That, often, is what people mean when they say their top reason for owning a home is to have a good place to raise children. They want to live in nice neighborhoods, and in the U.S., that often means you have to buy. In an ideal world, the way you pay for your shelter shouldn’t reflect your socioeconomic status. In Switzerland, one of the world’s richest nations, two-thirds of all families rent. Yet in the U.S., whether you own or rent says something about who you are — and often limits where you can live.
Here again the hand of government is evident, but this time at the city and county level. Harvard economist Glaeser has looked at how local governments, often spurred on by existing homeowners, restrict housing type. Of the 186 towns and cities within 50 miles (80 km) of Boston, 34 forbid multifamily dwellings such as townhouses and apartment buildings, and another 81 allow them on less than 10% of the available land. People who don’t buy stand-alone houses — for the most part, renters — are not welcome. And that doesn’t just happen around Boston. “In many parts of the country,” says Glaeser, “renters are zoned out.”

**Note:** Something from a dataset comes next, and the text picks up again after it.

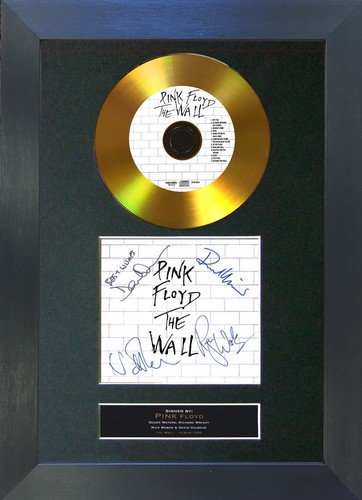Gold disc pink floyd - the, wall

Some demographers predict that the attitude that most areas should be the exclusive province of single-family homes on big tracts of land will change as Baby Boomers tire of four-bedroom houses with lawns to mow and big property-tax bills. That would be a huge adjustment, one that is at times hard to imagine. But there is reason to try.
The Cost of Easy Credit
What is perhaps the worst side of the homeownership fetish is dark indeed: for many years, the fact that our house prices were rising enabled us to ignore deep structural changes taking place in the American economy. For decades, income inequality has been growing, and middle-class wages have been stagnant. In the eyes of at least some academic observers, cheap credit, especially when used to buy ever-larger houses, has been a way to get people to feel O.K. with their lot. “Cynical as it may seem, easy credit has been used as a palliative throughout history by governments that are unable to address the deeper anxieties of the middle class directly,” writes Raghuram Rajan, an economist at the University of Chicago, in his new book Fault Lines. “The expansion of homeownership — a key element of the American dream — to low- and middle-income households was the defensible linchpin for the broader aims of expanding credit and consumption.” Pumped up on credit-card debt and home-equity loans, we kept spending away and felt richer than we actually were.
If the U.S. is ever to break that cycle, we will have to go through a well-known list of changes: save more, invest in people through better education and training, and use the levers of government to help create high-quality jobs — the sort you can raise a family on — instead of coaxing people into becoming homeowners.
That is no small order. But if there ever were a time to start weaning America off the idea that homeownership cures all our ills, now — after the worst housing crash in 75 years — would be it.
Stuck in her house in Maryland, unable to move for her husband’s dream job in California, having spent thousands of dollars and countless hours on various home repairs, Jenn Hartzell reflects on their decision to buy a house. “It’s been a really big learning experience,” she says. “I would say I’m glad that I did it.” Then she stops. “I think I am. I’m not sure.” When her friends tell her they’re considering buying a house, she says, “You know, it’s not what we were raised to think it would be.”